Starcom_3Now this is a personal opinion, but I think Starcom didn’t live up to it’s full potential as a cartoon. True there were only 13 episodes made, and we can take that into account, but I feel so much more could have been flushed out. The two factions of Starcom and the Shadow Force of Emperor Dark (nice hair man) never get into any real political struggles. True this was a toy show and the point was to show off all those awesome spacecrafts flying around, but really no stories depicting the a large scale drama of the two sides. The majority of the show highlights the ‘Big 3’ of Colonel’s Derringer, Griffin and Corbin (Dash, Slim and Crowbar), the three commanders of the three branches of Starcom, with only minor appearances from other Starcom members. Hey guys, share the spotlight a little… please? And then there’s the background music, which is awesome, but some of it sounds familiar to another DiC produced show. Is it me, or did DiC borrow some of the soundtrack from Jayce and the Wheeled Warriors? It was good once, so why not recycle it? I mean who would know? … besides hard corps Jayce nerds (LIKE ME!)

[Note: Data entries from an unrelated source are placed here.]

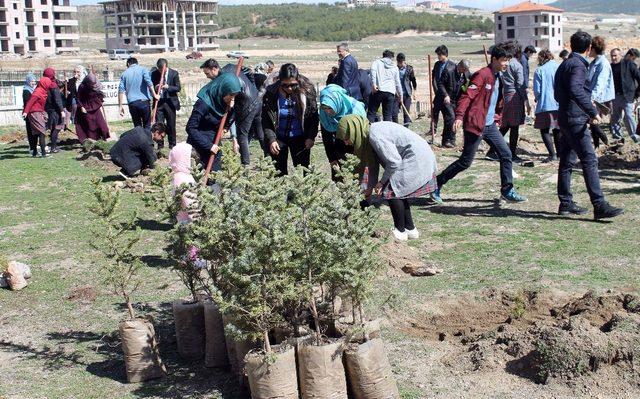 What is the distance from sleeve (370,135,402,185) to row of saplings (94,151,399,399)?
2397 millimetres

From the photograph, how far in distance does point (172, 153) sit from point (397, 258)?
2.45m

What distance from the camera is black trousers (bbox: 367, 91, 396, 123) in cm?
1445

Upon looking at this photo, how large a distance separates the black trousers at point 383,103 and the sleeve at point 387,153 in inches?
263

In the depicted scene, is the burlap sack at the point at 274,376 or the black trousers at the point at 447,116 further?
the black trousers at the point at 447,116

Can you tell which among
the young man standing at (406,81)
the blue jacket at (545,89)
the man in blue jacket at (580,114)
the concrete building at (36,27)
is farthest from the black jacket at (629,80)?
the concrete building at (36,27)

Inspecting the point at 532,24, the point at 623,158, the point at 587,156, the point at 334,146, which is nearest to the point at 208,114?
the point at 334,146

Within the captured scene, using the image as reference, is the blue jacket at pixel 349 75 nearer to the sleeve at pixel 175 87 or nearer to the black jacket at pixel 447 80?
the black jacket at pixel 447 80

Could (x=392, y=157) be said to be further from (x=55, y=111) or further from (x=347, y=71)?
(x=55, y=111)

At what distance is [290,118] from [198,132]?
3.20 ft

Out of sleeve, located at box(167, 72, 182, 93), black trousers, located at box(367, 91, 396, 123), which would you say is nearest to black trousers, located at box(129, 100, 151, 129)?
sleeve, located at box(167, 72, 182, 93)

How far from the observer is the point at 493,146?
33.0ft

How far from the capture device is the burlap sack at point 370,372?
15.9 ft

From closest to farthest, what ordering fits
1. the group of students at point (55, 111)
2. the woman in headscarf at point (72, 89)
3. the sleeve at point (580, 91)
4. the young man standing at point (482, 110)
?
1. the sleeve at point (580, 91)
2. the young man standing at point (482, 110)
3. the group of students at point (55, 111)
4. the woman in headscarf at point (72, 89)

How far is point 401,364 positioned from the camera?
5.51m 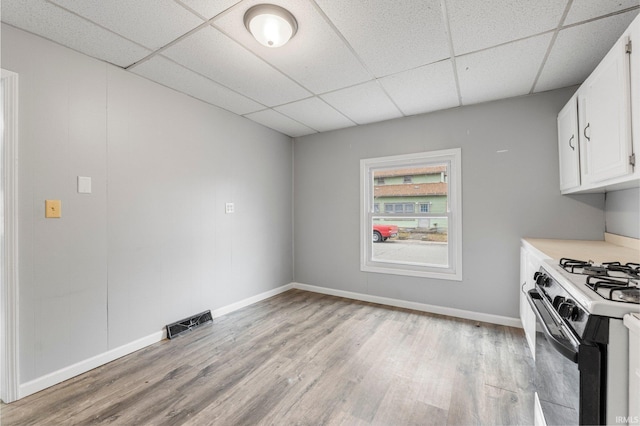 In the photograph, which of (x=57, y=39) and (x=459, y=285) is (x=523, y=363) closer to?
(x=459, y=285)

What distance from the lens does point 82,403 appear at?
5.98 feet

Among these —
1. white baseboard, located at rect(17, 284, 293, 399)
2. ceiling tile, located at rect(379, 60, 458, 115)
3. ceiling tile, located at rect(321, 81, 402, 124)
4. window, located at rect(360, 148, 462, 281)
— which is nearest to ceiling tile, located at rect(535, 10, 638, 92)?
ceiling tile, located at rect(379, 60, 458, 115)

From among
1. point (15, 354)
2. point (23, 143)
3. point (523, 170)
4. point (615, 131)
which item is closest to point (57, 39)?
point (23, 143)

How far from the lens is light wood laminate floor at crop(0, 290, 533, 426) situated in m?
1.71

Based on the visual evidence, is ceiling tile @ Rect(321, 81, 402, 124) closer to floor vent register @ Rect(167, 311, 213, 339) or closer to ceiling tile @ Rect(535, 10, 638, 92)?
ceiling tile @ Rect(535, 10, 638, 92)

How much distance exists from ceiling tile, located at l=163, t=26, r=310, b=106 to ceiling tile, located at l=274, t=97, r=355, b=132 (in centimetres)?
19

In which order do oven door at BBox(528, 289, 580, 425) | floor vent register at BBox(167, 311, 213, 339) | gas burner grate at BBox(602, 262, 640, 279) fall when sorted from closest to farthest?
1. oven door at BBox(528, 289, 580, 425)
2. gas burner grate at BBox(602, 262, 640, 279)
3. floor vent register at BBox(167, 311, 213, 339)

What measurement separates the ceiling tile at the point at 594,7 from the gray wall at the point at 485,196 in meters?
1.25

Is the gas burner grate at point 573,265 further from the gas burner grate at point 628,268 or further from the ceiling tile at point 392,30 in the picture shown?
the ceiling tile at point 392,30

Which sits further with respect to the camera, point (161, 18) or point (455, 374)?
point (455, 374)

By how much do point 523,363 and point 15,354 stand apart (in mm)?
3805

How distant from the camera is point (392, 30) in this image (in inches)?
75.4

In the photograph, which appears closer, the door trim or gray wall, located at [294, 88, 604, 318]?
the door trim

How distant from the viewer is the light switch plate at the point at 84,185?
2.18 meters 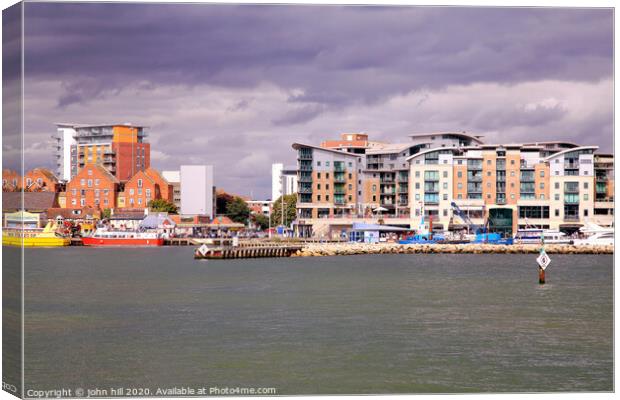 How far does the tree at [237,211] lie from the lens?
8231 centimetres

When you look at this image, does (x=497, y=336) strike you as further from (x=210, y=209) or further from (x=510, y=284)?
(x=210, y=209)

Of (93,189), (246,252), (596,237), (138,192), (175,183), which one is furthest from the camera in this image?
(175,183)

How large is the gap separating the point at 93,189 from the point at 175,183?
14891 mm

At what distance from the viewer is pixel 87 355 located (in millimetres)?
14078

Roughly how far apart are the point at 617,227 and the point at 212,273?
22.4 meters

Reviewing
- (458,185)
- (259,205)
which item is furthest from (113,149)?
(458,185)

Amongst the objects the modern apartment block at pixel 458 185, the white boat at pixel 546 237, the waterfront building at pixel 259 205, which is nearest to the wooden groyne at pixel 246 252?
the white boat at pixel 546 237

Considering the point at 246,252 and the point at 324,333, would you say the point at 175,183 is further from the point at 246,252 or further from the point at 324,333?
the point at 324,333

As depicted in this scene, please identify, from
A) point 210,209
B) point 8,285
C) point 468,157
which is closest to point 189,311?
point 8,285

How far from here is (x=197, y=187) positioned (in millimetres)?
74000

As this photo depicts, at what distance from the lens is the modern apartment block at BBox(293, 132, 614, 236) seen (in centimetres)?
5481

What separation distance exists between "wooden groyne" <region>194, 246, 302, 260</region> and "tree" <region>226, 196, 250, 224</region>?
35269 millimetres

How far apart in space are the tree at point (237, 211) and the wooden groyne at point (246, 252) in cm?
3527

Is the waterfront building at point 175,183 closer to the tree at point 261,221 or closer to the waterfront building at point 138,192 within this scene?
the waterfront building at point 138,192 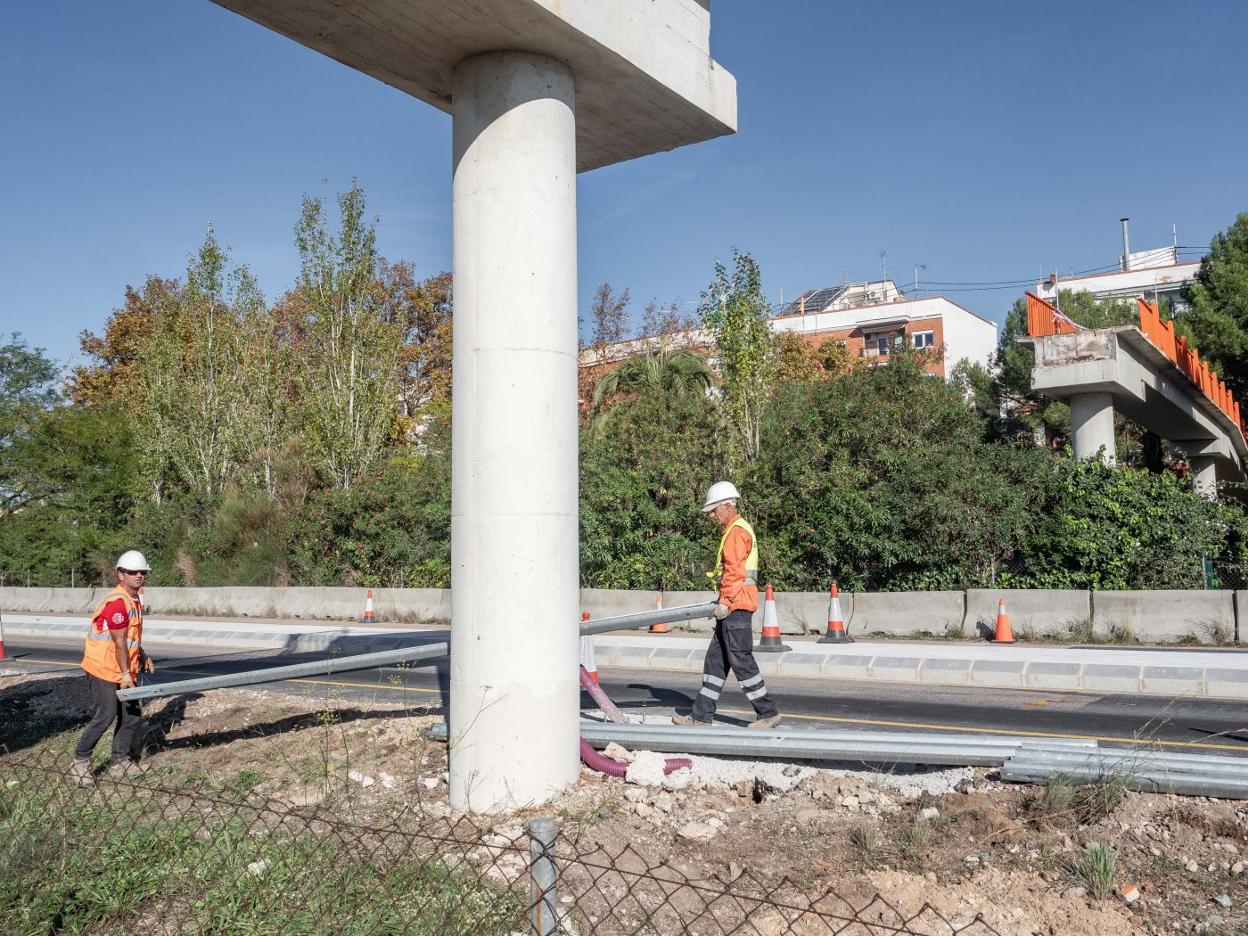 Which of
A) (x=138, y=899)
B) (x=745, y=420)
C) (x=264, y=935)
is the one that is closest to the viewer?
(x=264, y=935)

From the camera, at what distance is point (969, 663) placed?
12.6 m

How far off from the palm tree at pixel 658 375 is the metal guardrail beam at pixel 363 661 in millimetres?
17374

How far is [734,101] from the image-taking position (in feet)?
26.0

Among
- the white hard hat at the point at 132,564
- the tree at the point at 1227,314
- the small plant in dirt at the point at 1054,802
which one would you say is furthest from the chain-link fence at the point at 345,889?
the tree at the point at 1227,314

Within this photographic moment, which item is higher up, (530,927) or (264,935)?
(530,927)

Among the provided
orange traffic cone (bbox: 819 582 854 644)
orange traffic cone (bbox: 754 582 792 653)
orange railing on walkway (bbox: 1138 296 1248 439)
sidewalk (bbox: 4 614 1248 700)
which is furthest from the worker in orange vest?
orange railing on walkway (bbox: 1138 296 1248 439)

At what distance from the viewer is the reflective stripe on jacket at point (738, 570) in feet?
28.6

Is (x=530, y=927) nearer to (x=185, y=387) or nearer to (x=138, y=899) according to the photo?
(x=138, y=899)

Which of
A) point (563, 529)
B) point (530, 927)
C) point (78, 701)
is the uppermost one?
point (563, 529)

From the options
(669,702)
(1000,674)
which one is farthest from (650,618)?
(1000,674)

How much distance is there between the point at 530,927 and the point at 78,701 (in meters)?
10.4

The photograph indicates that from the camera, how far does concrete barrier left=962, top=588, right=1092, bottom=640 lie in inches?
623

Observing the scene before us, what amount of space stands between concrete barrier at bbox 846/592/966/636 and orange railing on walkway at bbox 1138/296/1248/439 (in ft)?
22.4

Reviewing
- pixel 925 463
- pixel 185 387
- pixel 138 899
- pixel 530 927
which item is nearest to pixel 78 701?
pixel 138 899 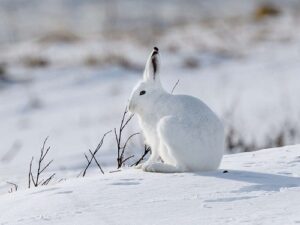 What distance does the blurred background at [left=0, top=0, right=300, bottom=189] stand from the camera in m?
8.88

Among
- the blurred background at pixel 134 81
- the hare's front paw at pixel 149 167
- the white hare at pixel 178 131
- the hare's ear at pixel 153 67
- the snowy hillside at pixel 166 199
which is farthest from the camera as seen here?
A: the blurred background at pixel 134 81

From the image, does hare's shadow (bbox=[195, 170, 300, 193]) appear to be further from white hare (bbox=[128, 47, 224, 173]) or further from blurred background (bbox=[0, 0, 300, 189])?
blurred background (bbox=[0, 0, 300, 189])

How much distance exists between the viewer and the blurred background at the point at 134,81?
29.1ft

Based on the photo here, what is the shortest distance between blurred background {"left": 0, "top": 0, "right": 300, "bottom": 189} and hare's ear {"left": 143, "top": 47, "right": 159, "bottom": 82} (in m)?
1.51

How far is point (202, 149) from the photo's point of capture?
4211 mm

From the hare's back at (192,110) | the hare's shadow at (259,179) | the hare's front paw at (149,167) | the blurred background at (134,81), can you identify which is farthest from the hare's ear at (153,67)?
the blurred background at (134,81)

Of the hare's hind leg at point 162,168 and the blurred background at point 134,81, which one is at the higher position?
the blurred background at point 134,81

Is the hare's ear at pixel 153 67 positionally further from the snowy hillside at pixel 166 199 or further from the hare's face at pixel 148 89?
the snowy hillside at pixel 166 199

Starcom_4Please don’t think I am trashing Starcom as a show. Despite these flaws that are more personal than anything, this show is really top notch. Visually, as I said before, it’s one of the best looking shows of the era. The writing is clever, with comedic puns that never grow old (I have a bad feeling about this!) and on the other end of the spectrum a touch of sophisticated nuance. This is classic hard sci-fi, more in line with original Gundam, with plot lines that seemed a little more mature than the usual stop the bad guys narrative. Nantucket Sleighride, Caverns of Mars and Hot Enough For You? are three great episodes that really showed the bigger potential of the Starcom universe. I still wonder when we will have the chance to live and work in space just like in Starcom? As an idealist I still believe it can happen in my lifetime!

… now I have heard that the Shadow Force logo is reminiscent of Legend of Zelda’s Triforce, but I think it looks just like LEGO’s logo for the first iteration of Blacktron, except swapping yellow for red?